◆ TASK REQUIREMENTS ◆
Where a picture appears, skip it; print everything else in the records exactly as it stands.

◆ THE INPUT ◆
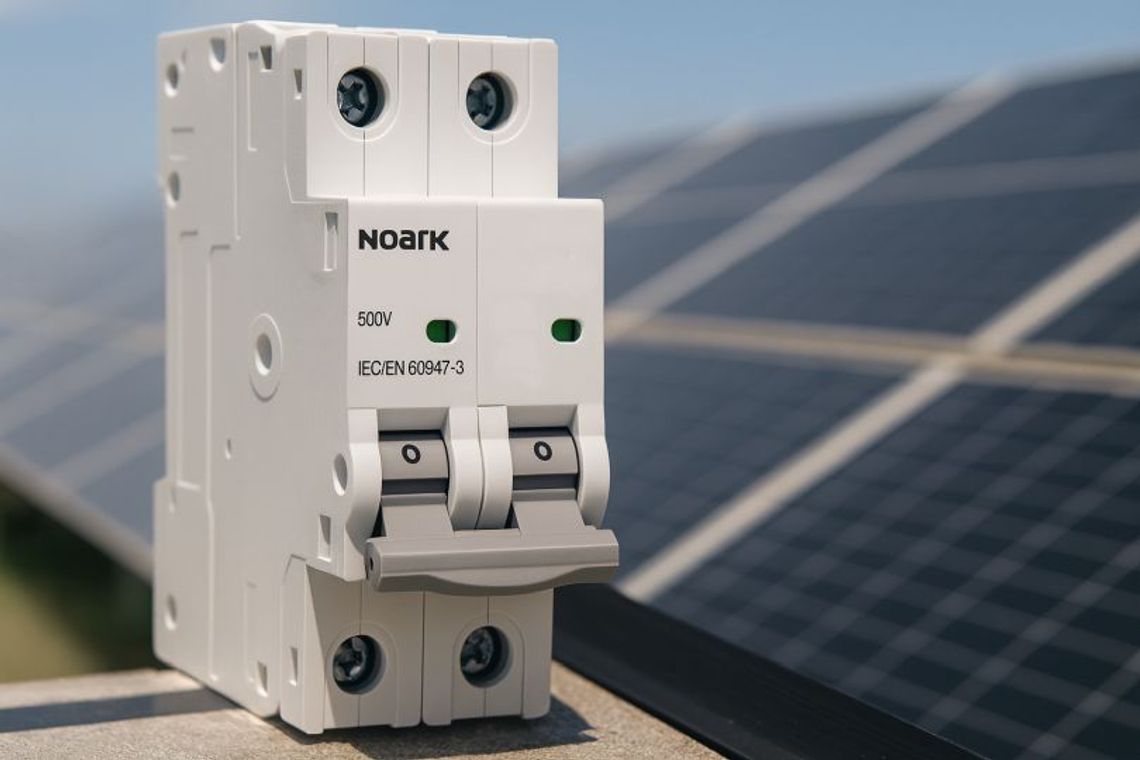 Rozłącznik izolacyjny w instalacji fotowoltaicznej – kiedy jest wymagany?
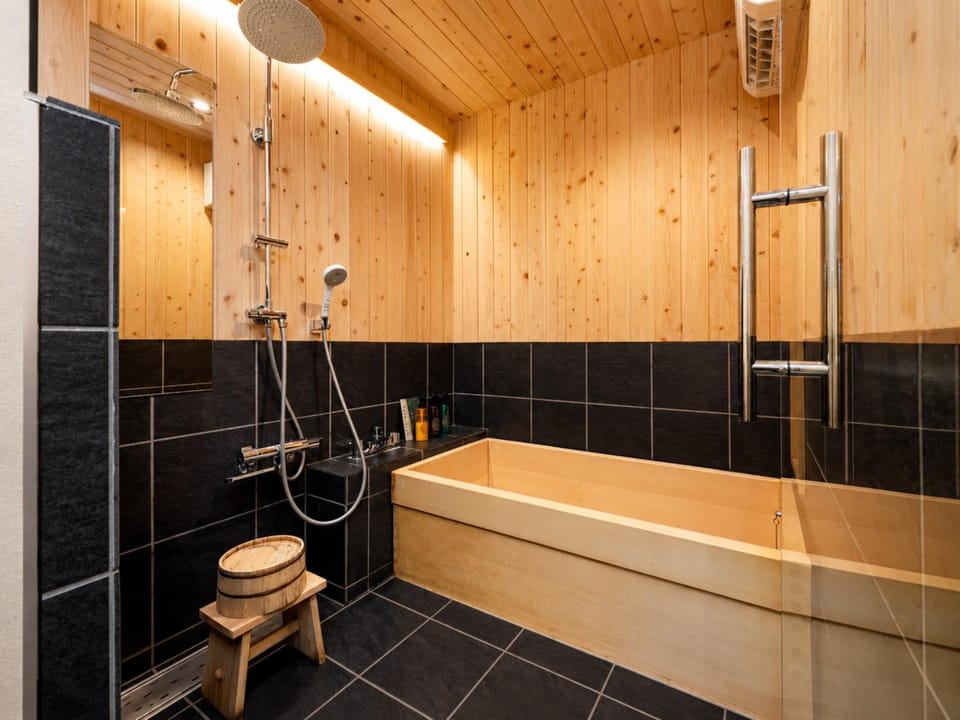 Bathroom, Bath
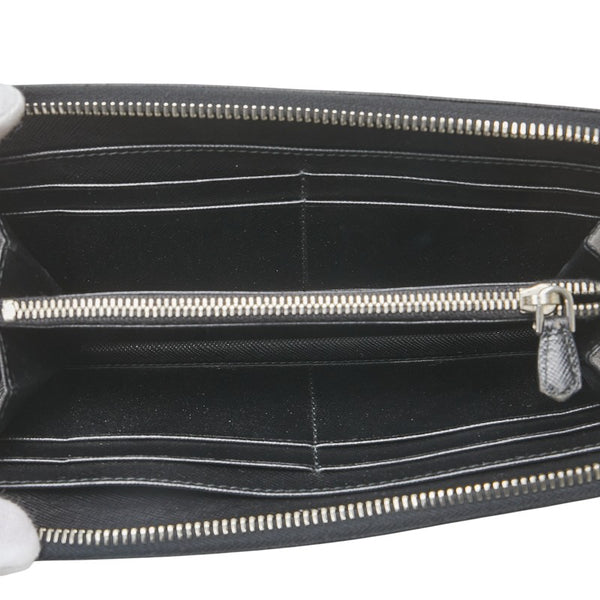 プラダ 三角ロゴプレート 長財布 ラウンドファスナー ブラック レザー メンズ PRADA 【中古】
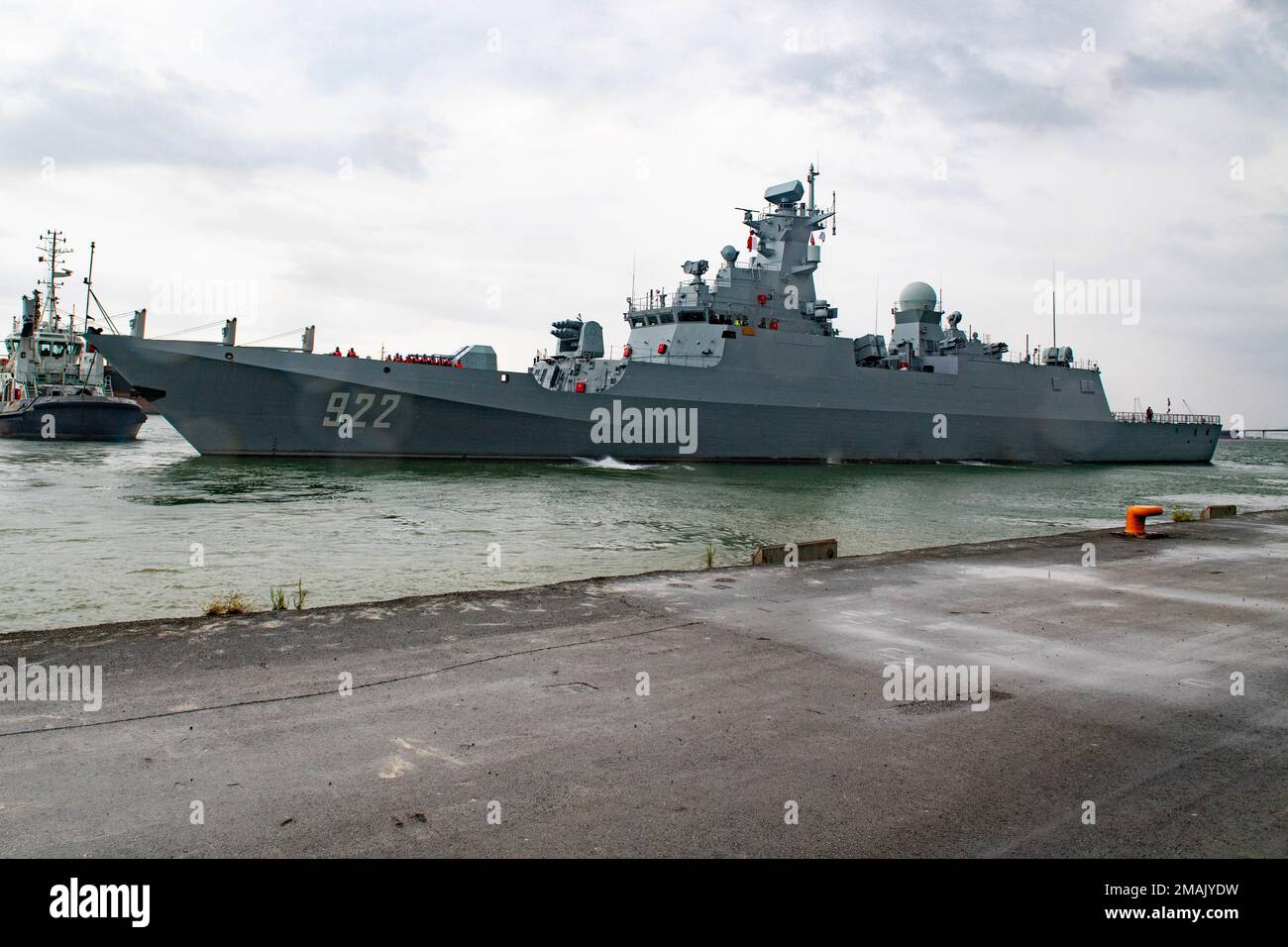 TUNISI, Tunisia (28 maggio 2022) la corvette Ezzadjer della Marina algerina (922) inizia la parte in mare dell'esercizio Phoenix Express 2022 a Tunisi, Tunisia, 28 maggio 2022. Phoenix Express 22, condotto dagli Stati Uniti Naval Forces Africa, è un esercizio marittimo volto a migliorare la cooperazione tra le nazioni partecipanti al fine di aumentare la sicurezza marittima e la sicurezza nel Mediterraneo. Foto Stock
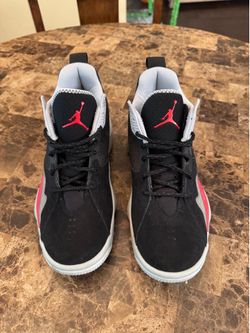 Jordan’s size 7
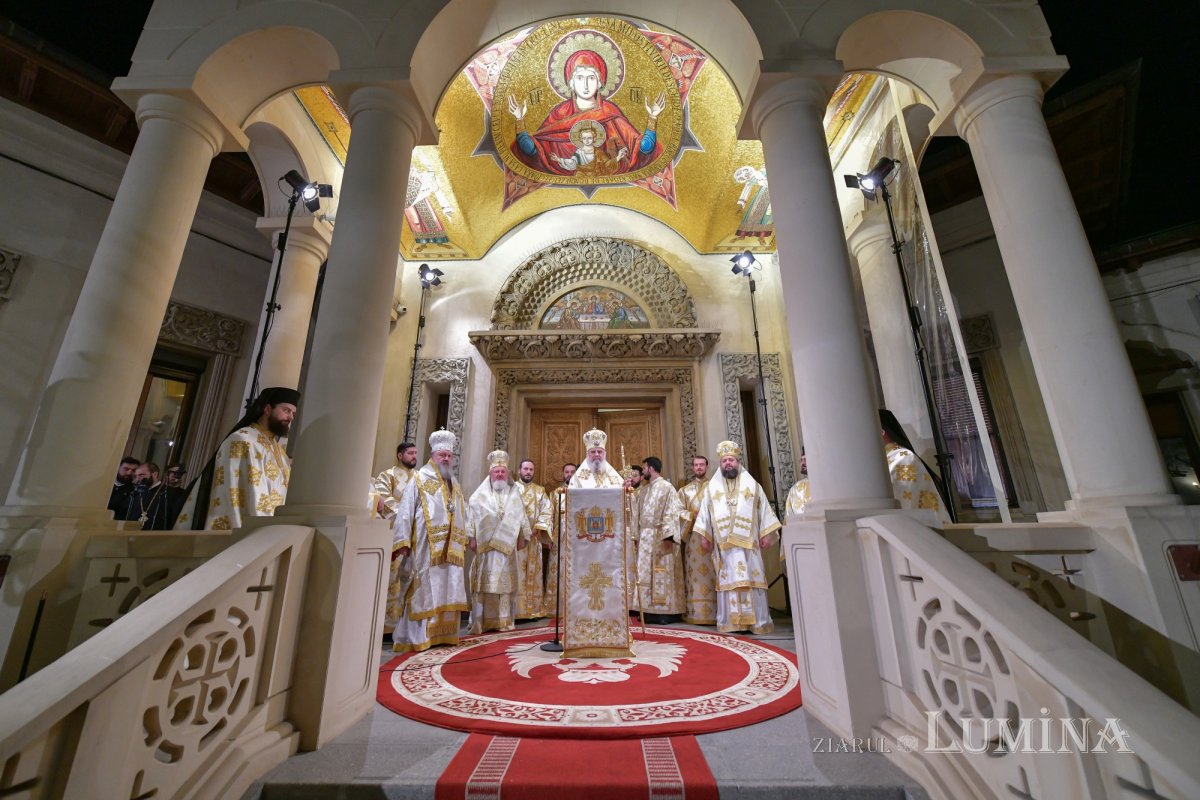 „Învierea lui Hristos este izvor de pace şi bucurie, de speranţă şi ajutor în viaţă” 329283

◆ TASK ANSWER ◆
 Rozłącznik izolacyjny w instalacji fotowoltaicznej – kiedy jest wymagany?
 Bathroom, Bath
 プラダ 三角ロゴプレート 長財布 ラウンドファスナー ブラック レザー メンズ PRADA 【中古】
 TUNISI, Tunisia (28 maggio 2022) la corvette Ezzadjer della Marina algerina (922) inizia la parte in mare dell'esercizio Phoenix Express 2022 a Tunisi, Tunisia, 28 maggio 2022. Phoenix Express 22, condotto dagli Stati Uniti Naval Forces Africa, è un esercizio marittimo volto a migliorare la cooperazione tra le nazioni partecipanti al fine di aumentare la sicurezza marittima e la sicurezza nel Mediterraneo. Foto Stock
 Jordan’s size 7
 „Învierea lui Hristos este izvor de pace şi bucurie, de speranţă şi ajutor în viaţă” 329283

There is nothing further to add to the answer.